→ **EXERCISE DIRECTIONS**:
In the entries below, find the line containing "2015 HYUNDAI SONATA", then copy it and every later line exactly, ending with the last line.

*** Opening RECORDS FOR PROCESSING ***

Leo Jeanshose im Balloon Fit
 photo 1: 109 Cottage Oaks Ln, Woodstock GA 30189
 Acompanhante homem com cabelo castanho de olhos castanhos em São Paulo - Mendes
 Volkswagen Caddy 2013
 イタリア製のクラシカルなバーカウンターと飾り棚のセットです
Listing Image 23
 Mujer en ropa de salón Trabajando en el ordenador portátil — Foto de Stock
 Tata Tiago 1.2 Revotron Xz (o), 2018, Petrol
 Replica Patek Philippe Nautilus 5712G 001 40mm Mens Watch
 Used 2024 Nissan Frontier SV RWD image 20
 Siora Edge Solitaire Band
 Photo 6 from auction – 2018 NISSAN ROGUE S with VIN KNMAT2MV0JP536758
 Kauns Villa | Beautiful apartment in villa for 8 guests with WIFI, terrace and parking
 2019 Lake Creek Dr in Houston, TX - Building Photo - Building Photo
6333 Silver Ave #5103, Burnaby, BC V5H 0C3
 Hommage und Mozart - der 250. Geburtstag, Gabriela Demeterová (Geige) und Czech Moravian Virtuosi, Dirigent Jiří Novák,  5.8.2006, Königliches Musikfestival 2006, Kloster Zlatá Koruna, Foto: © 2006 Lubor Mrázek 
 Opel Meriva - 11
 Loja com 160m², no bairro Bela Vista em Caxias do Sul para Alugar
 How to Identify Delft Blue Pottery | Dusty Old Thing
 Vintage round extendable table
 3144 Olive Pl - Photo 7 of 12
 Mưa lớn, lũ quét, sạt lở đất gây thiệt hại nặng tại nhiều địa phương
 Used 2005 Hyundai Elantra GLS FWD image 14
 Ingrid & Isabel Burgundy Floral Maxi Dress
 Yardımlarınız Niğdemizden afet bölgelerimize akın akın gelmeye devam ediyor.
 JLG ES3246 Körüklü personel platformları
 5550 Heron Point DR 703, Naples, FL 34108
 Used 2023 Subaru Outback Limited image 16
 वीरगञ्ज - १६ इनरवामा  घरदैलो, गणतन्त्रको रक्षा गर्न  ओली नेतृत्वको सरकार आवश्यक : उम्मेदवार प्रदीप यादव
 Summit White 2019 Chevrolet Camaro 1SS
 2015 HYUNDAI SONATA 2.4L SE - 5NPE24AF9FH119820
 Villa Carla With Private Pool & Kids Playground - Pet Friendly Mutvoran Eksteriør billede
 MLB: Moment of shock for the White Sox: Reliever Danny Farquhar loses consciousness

*** Closing RECORDS FOR PROCESSING ***

→ **RESPONSE AREA**:
 2015 HYUNDAI SONATA 2.4L SE - 5NPE24AF9FH119820
 Villa Carla With Private Pool & Kids Playground - Pet Friendly Mutvoran Eksteriør billede
 MLB: Moment of shock for the White Sox: Reliever Danny Farquhar loses consciousness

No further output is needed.